YOUR GOAL ::
Leave every picture out, and give again exactly the lines from the one containing "Home House Building" through the end of the listing.

THE INPUT ::
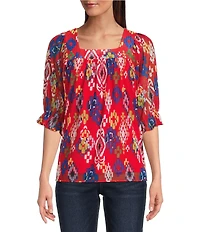 Calessa Petite Size Mesh Knit New Ikat Printed Square Neck Elbow Sleeve Tunic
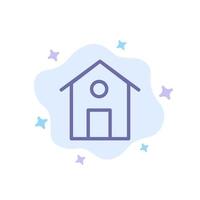 Home House Building Blue Icon on Abstract Cloud Background vector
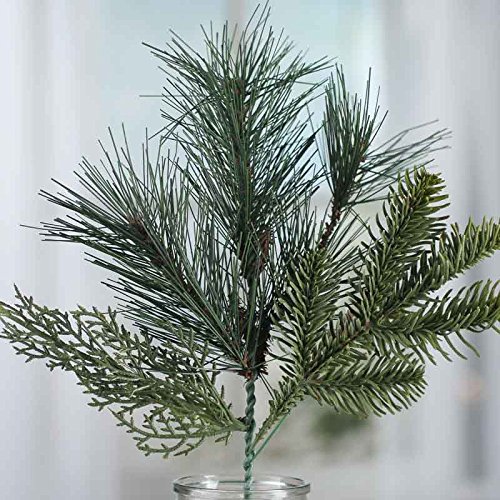 Factory Direct Craft Set of 2 Wire Based Artificial Pine and Cedar Embellishing Sprays for Home and Holiday Decorating and Arranging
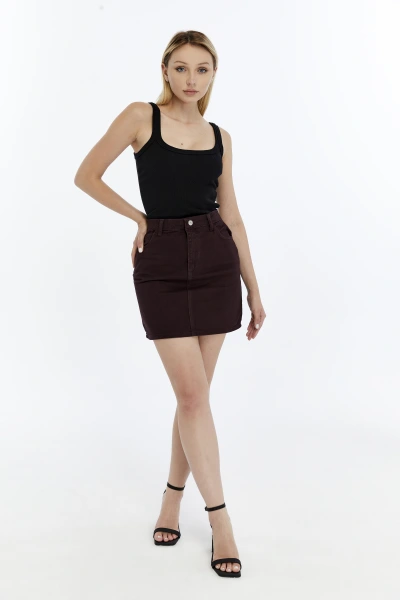 MÜRDÜM DENİM MİNİ ETEK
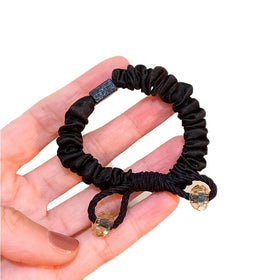 MIO Wholesale Fashion Crystal Elastic Hair Ties Simple Solid Color Handmade Hair Band Korean Thick Rubber Band for Women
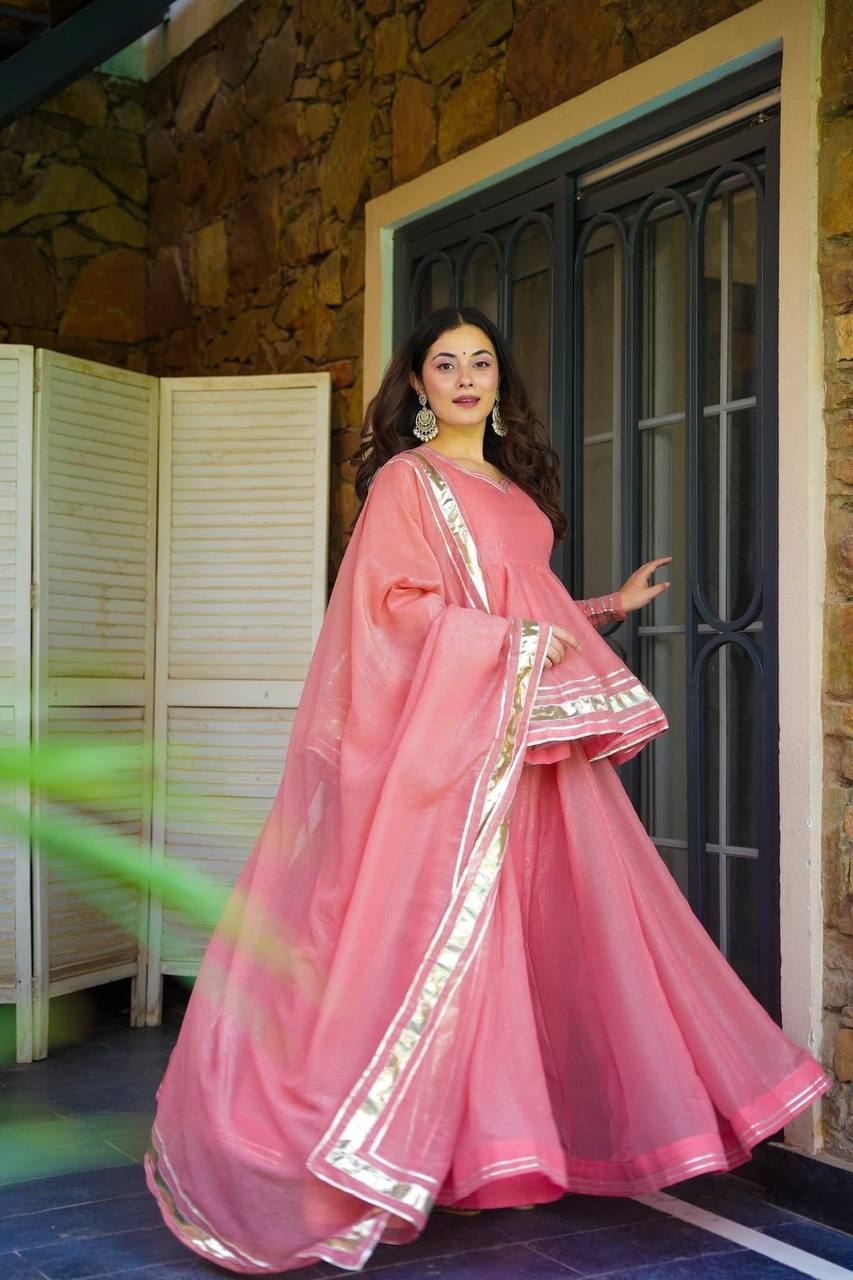 Elegant Pink Suit Set with Sharara and Dupatta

WRITTEN SOLUTION ::
 Home House Building Blue Icon on Abstract Cloud Background vector
 Factory Direct Craft Set of 2 Wire Based Artificial Pine and Cedar Embellishing Sprays for Home and Holiday Decorating and Arranging
 MÜRDÜM DENİM MİNİ ETEK
 MIO Wholesale Fashion Crystal Elastic Hair Ties Simple Solid Color Handmade Hair Band Korean Thick Rubber Band for Women
 Elegant Pink Suit Set with Sharara and Dupatta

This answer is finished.